“I was a victim of a series of accidents, as are we all.”

Malachi Constant, aka Unk, aka the Space Wanderer
The Sirens Of Titan
Kurt Vonnegut, Jr.

This phrase is one of the central ideas in the book The Sirens of Titan, though it is only used three times in the entire text*.

At the first reading it seems like a statement of fatalistic fact. Everything we do, and everything that happens to us, can be reduced to the effect of a few chance occurrences - a stray photon, a misguided molecule here or there. Malachi Constant’s life, as depicted in The Sirens of Titan, is a series of events that can only be attributed to very good and very bad luck. He, more than anybody, should know about the effect of accidents on life.
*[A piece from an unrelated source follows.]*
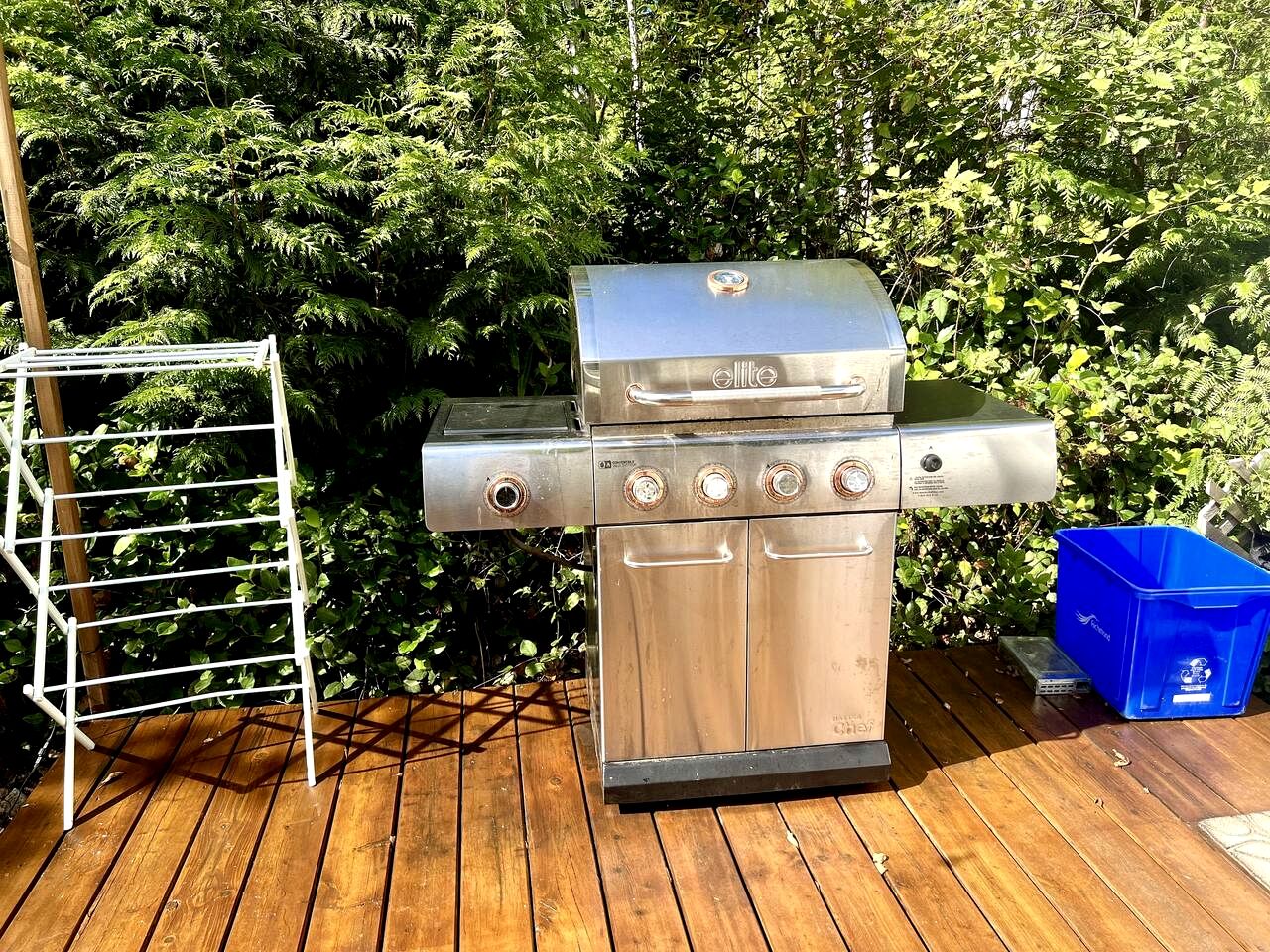Glamping Caravan with Ocean Views in Halfmoon Bay, Perfect for a Weekend of Coastal Hiking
At a second reading, the irony** is discernible. The extraordinary things that happened to Malachi were not accidents. They were carefully orchestrated by Winston Niles Rumfoord. After Rumfoord fell into a Chronosynclastic Infundibulum (a type of distortion in the spacetime/cultural continuum where mutually exclusive things can all be simultaneously true) he became a semi-omnipotent being that knew everything that ever had, and ever would happen. Armed with this knowledge, he carefully manipulated the entire Earth into doing his bidding***. So Malachi was the victim of Winston Niles Rumfoord, not chance or accident, as was all of Earth.

At a third and final reading another level appears. Winston Niles Rumfoord was a victim of a series of accidents. Everything he did was predetermined by a series of accidents going back to the big bang. Malachi‘s life is governed by accidents, the important ones of which are caused by the accident known as Winston Niles Rumfoord, who was caused by a series of accidents... ad infinitum.

* On pages 161 (twice), and 178, in the Millennium SF Masterworks paperback edition.
** At least, I think this is irony.
*** Read the book, it’s much better than it sounds from that description.